In [None]:
# Task 2.3.1: Use glob to create a list that contains the filenames for all the Buenos Aires real estate CSV files in the data directory. 
# Assign this list to the variable name files.
from glob import glob
files = glob("./data/buenos-aires-real-estate-[1-5].csv")
files

In [None]:
# Task 2.3.2: Use your wrangle function in a for loop to create a list named frames. 
# The list should the cleaned DataFrames created from the CSV filenames your collected in files.
frames = []
for file in files:
    df = wrangle(file)
    frames.append(df)

In [None]:
# Task 2.3.3: Use pd.concat to concatenate the items in frames into a single DataFrame df. 
# Make sure you set the ignore_index argument to True.

df = pd.concat(frames, ignore_index = True)
print(df.info())
df.head()

In [None]:
# Task 2.3.4: Modify your wrangle function to create a new feature "neighborhood". 
# You can find the neighborhood for each property in the "place_with_parent_names" column. 
# For example, a property with the place name "|Argentina|Capital Federal|Palermo|" is located in the neighborhood is "Palermo". 
# Also, your function should drop the "place_with_parent_names" column.

def wrangle(filepath):
    # Read CSV file
    df = pd.read_csv(filepath)

    # Subset data: Apartments in "Capital Federal", less than 400,000
    mask_ba = df["place_with_parent_names"].str.contains("Capital Federal")
    mask_apt = df["property_type"] == "apartment"
    mask_price = df["price_aprox_usd"] < 400_000
    df = df[mask_ba & mask_apt & mask_price]

    # Subset data: Remove outliers for "surface_covered_in_m2"
    low, high = df["surface_covered_in_m2"].quantile([0.1, 0.9])
    mask_area = df["surface_covered_in_m2"].between(low, high)
    df = df[mask_area]

    # Split "lat-lon" column
    df[["lat", "lon"]] = df["lat-lon"].str.split(",", expand=True).astype(float)
    df.drop(columns="lat-lon", inplace=True)
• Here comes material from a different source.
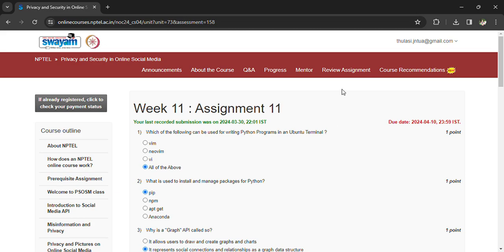Welcome back to the NPTEL Privacy and Security in Online Social Media. This is Week 11, Assignment 11. We may or may not have a 12th assignment, so they'll be considering only the 11 assignments and giving marks accordingly. There is one more week left, so prepare for the exam.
    # Extract neighborhood
    df["neighborhood"] = df["place_with_parent_names"].str.split("|",expand=True)[3]
    df.drop(columns="place_with_parent_names",inplace=True)

    return df

In [None]:
# Task 2.3.5: Create your feature matrix X_train and target vector y_train. 
# X_train should contain one feature: "neighborhood". Your target is "price_aprox_usd". 

target = "price_aprox_usd"
features = ["neighborhood"]
y_train = df[target]
X_train = df[features]

In [None]:
# Task 2.3.6: Calculate the baseline mean absolute error for your model.

y_mean = y_train.mean()
y_pred_baseline =  [y_mean] * len(y_train)
print("Mean apt price:", y_mean)

print("Baseline MAE:", y_pred_baseline)

In [None]:
# Task 2.3.7: First, instantiate a OneHotEncoder named ohe. Make sure to set the use_cat_names argument to True. Next, fit your transformer to the feature matrix X_train. Finally, use your encoder to transform the feature matrix X_train, and assign the transformed data to the variable XT_train.

# Instantiate
ohe = OneHotEncoder(use_cat_names=True)
# Fit
ohe.fit(X_train)
# Transform
XT_train = ohe.transform(X_train)
print(XT_train.shape)
XT_train.head()

In [None]:
# Task 2.3.8: Create a pipeline named model that contains a OneHotEncoder transformer and a LinearRegression predictor. Then fit your model to the training data. 

model =  make_pipeline(
    OneHotEncoder(use_cat_names=True),
    LinearRegression()
)
model.fit(X_train, y_train)

In [None]:
# Task 2.3.9: First, create a list of predictions for the observations in your feature matrix X_train. Name this list y_pred_training. Then calculate the training mean absolute error for your predictions in y_pred_training as compared to the true targets in y_train.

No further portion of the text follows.